*** Opening of Record set ***
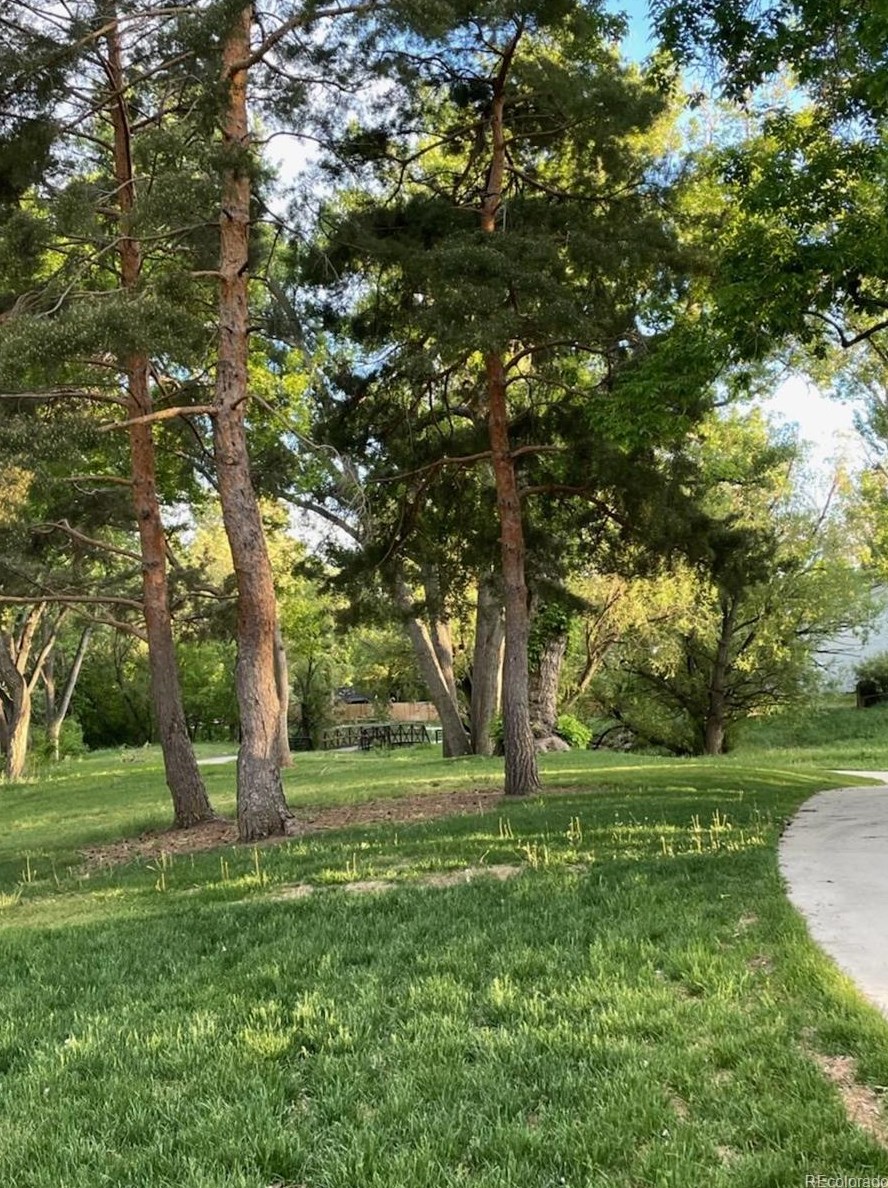 6834 Queen St, Arvada CO  80004-1370 exterior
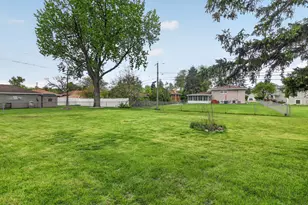 15 W 56th St, Westmont, IL 60559 - Photo 11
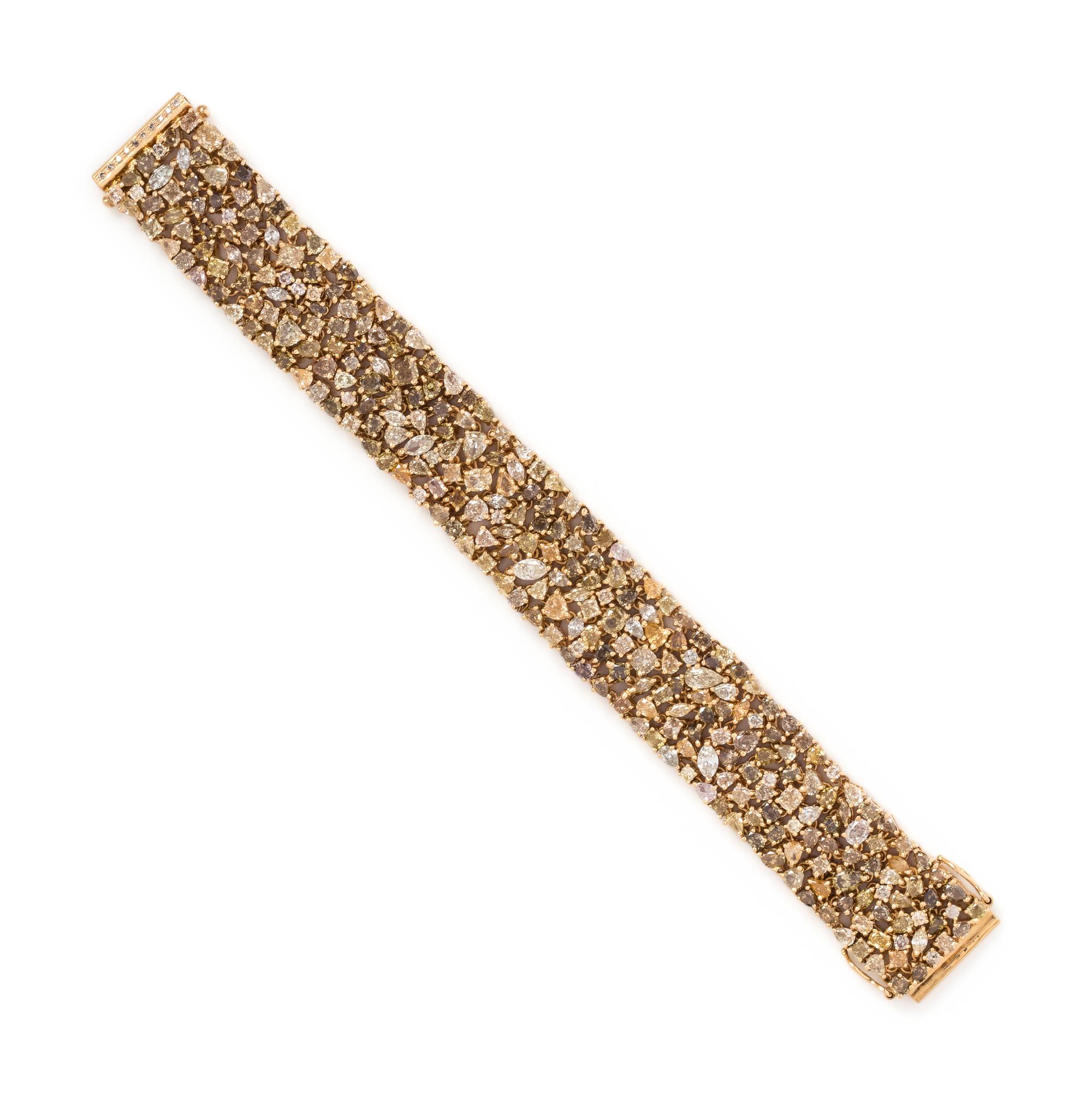 COLORED DIAMOND AND DIAMOND BRACELET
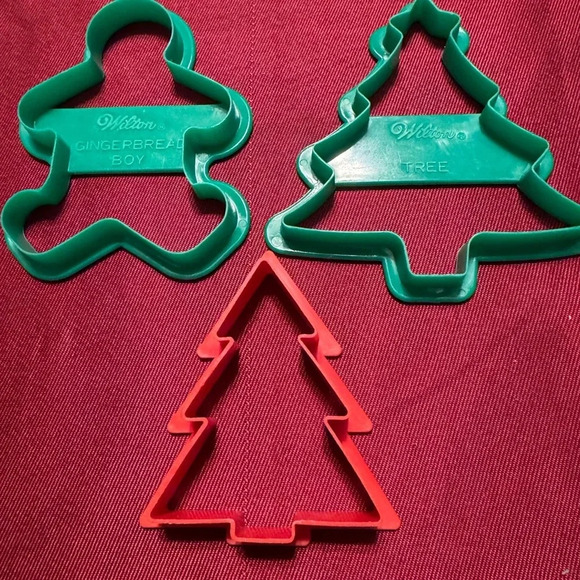 40 Cookie Cutters; stainless steels, plastic, silicone all occasions - Picture 5 of 8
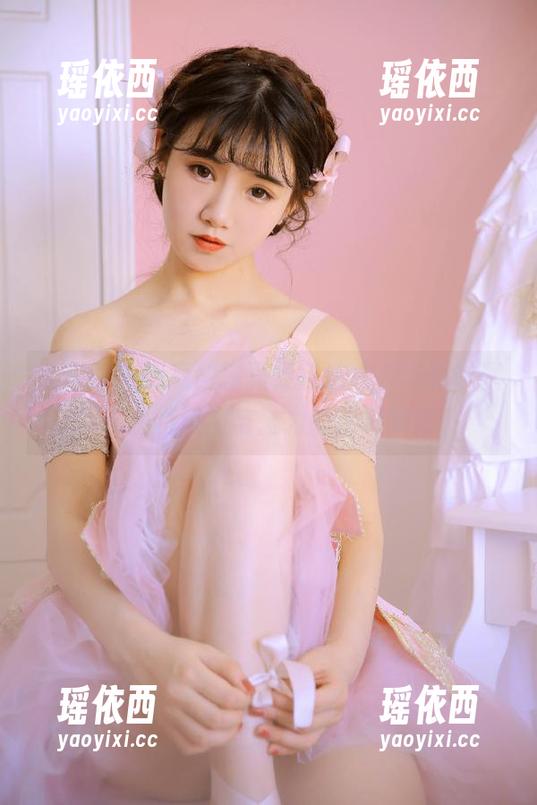 尤果网-孟狐狸 尤果网 - 探索孟狐狸最新连衣裙写真,展现独特风格与魅力的精彩瞬间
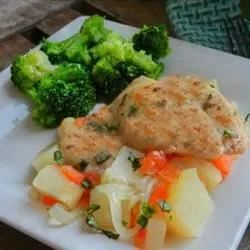 Skillet Chicken with Potatoes and Tomatoes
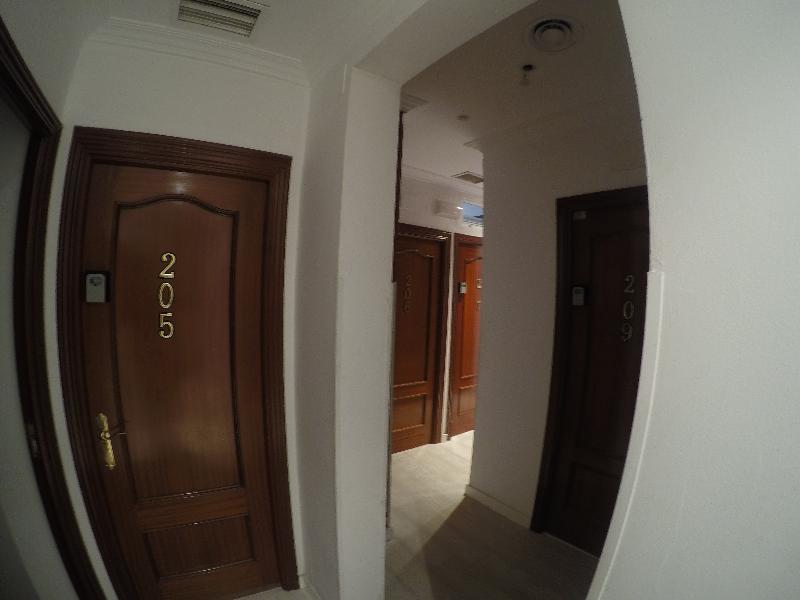 Hostal La Estrella Madrid Ngoại thất bức ảnh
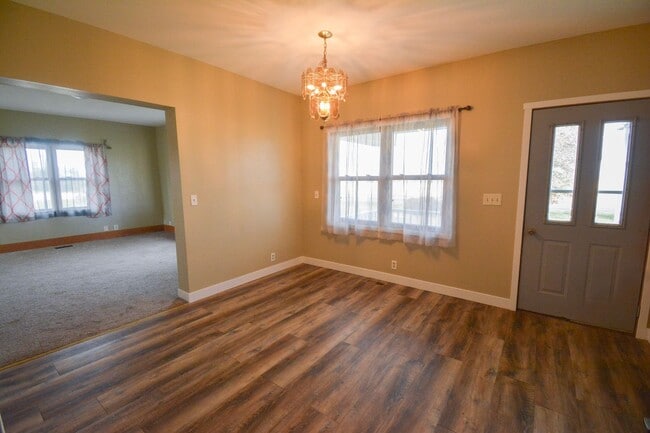 Building Photo - Spacious 4-Bedroom Country Home — All Util...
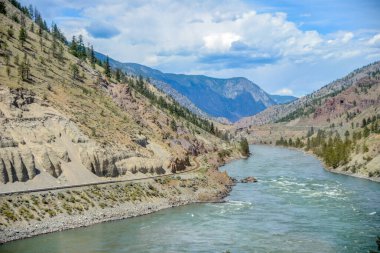 Yazın Kanada Rocky Dağı manzarası
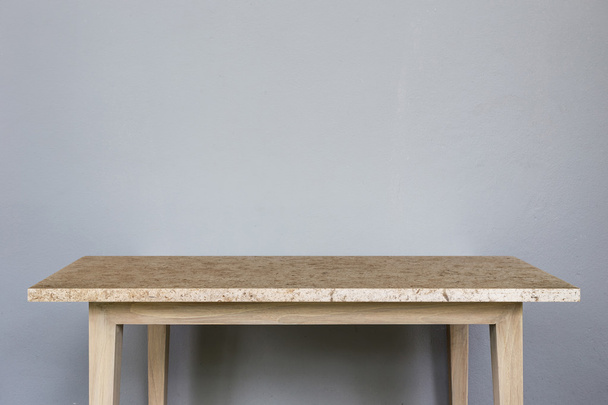 Пустой верх из натурального камня стол и серый фон стены
 - Фото, изображение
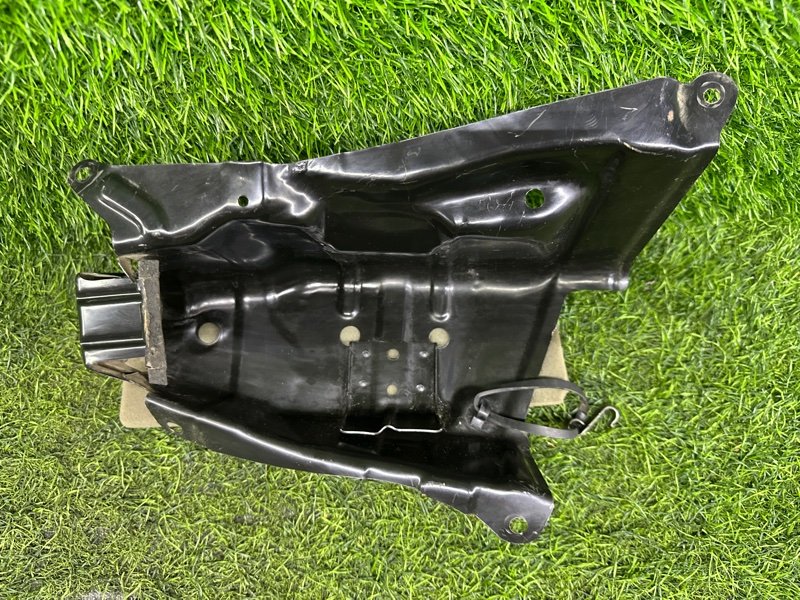 Крепление домкрата TOYOTA VOXY AZR60 (б/у)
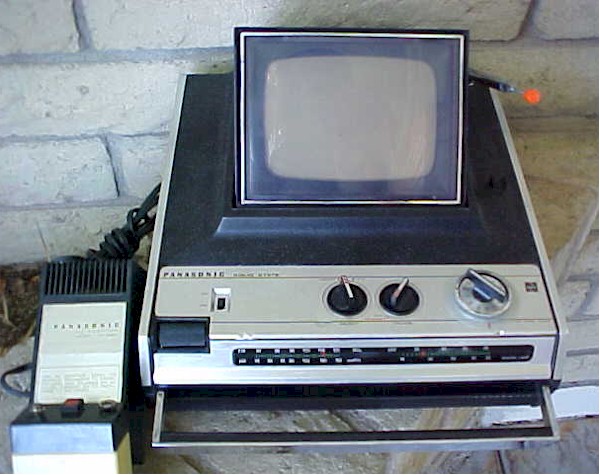 Panasonic TR-425R Portable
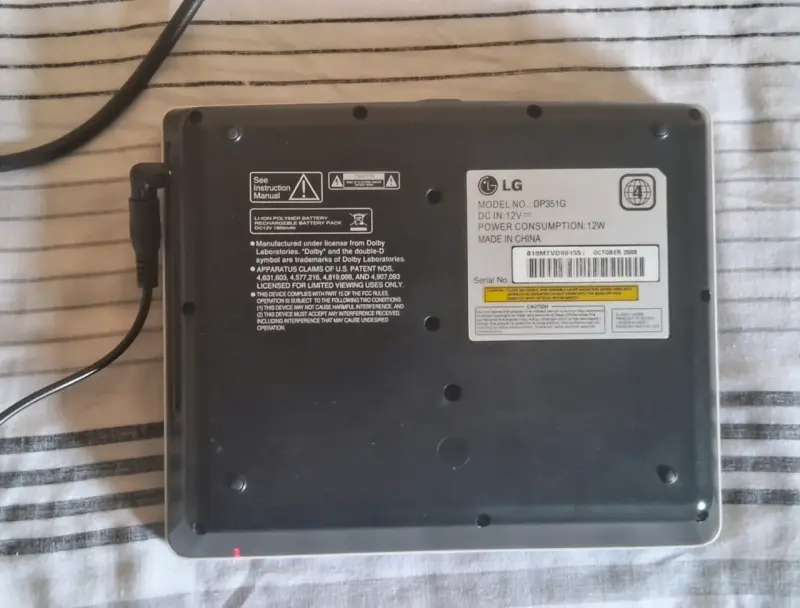 Reproductor DVD Portátil LG DP351G (Funcionando) - 4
*** Close of Record set ***
### What to work on
The expected output is an exact copy of the lines from the top of the data above through the line containing "Hostal La Estrella Madrid Ngoại thất bức ảnh", both included, with every picture omitted.

### Result
 6834 Queen St, Arvada CO  80004-1370 exterior
 15 W 56th St, Westmont, IL 60559 - Photo 11
 COLORED DIAMOND AND DIAMOND BRACELET
 40 Cookie Cutters; stainless steels, plastic, silicone all occasions - Picture 5 of 8
 尤果网-孟狐狸 尤果网 - 探索孟狐狸最新连衣裙写真,展现独特风格与魅力的精彩瞬间
 Skillet Chicken with Potatoes and Tomatoes
 Hostal La Estrella Madrid Ngoại thất bức ảnh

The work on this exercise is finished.